* [Work order] Some of the lines below need repeating. Reproduce exactly those between the lines holding "Larkvue 48FT Outdoor" and "Emtek 4208LURH Dummy", inclusive.

::: Recorded data :::

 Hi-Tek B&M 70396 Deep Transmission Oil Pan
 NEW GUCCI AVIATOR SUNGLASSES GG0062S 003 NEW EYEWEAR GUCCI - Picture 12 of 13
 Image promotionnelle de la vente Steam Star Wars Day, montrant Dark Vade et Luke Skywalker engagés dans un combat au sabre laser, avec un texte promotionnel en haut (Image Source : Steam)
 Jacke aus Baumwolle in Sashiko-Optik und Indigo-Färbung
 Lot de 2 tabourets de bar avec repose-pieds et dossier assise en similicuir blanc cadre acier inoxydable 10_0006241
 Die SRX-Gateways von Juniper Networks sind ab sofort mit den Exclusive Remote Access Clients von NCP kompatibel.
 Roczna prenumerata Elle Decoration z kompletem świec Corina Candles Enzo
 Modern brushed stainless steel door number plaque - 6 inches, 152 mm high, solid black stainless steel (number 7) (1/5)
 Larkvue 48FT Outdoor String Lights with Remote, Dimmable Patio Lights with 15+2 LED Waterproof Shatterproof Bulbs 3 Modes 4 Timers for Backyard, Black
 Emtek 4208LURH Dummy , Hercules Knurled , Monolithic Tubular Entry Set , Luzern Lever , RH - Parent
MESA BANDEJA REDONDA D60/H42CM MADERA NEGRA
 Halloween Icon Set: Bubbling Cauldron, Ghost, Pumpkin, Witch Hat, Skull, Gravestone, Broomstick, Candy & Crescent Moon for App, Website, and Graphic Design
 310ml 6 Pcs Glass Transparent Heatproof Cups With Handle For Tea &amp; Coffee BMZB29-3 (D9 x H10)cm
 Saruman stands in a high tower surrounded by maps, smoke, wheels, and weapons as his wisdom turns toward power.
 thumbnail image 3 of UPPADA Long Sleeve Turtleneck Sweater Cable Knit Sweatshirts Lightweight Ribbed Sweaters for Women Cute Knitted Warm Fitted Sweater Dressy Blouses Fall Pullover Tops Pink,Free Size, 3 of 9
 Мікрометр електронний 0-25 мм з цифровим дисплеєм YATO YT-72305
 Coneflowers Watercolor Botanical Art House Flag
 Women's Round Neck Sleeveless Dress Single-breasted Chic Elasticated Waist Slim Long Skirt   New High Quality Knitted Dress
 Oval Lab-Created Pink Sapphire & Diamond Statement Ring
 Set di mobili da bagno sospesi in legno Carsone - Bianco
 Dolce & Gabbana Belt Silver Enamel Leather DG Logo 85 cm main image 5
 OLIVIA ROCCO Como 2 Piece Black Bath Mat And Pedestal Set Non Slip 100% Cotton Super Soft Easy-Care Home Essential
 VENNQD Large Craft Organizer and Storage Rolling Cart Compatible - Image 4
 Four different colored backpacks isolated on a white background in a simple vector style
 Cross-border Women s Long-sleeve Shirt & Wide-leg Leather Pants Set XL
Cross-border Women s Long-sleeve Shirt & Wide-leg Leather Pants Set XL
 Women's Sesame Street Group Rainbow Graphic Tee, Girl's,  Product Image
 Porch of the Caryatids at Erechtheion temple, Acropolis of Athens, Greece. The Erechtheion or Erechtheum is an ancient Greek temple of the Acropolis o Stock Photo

:::

* [Answer to the exercise]
 Larkvue 48FT Outdoor String Lights with Remote, Dimmable Patio Lights with 15+2 LED Waterproof Shatterproof Bulbs 3 Modes 4 Timers for Backyard, Black
 Emtek 4208LURH Dummy , Hercules Knurled , Monolithic Tubular Entry Set , Luzern Lever , RH - Parent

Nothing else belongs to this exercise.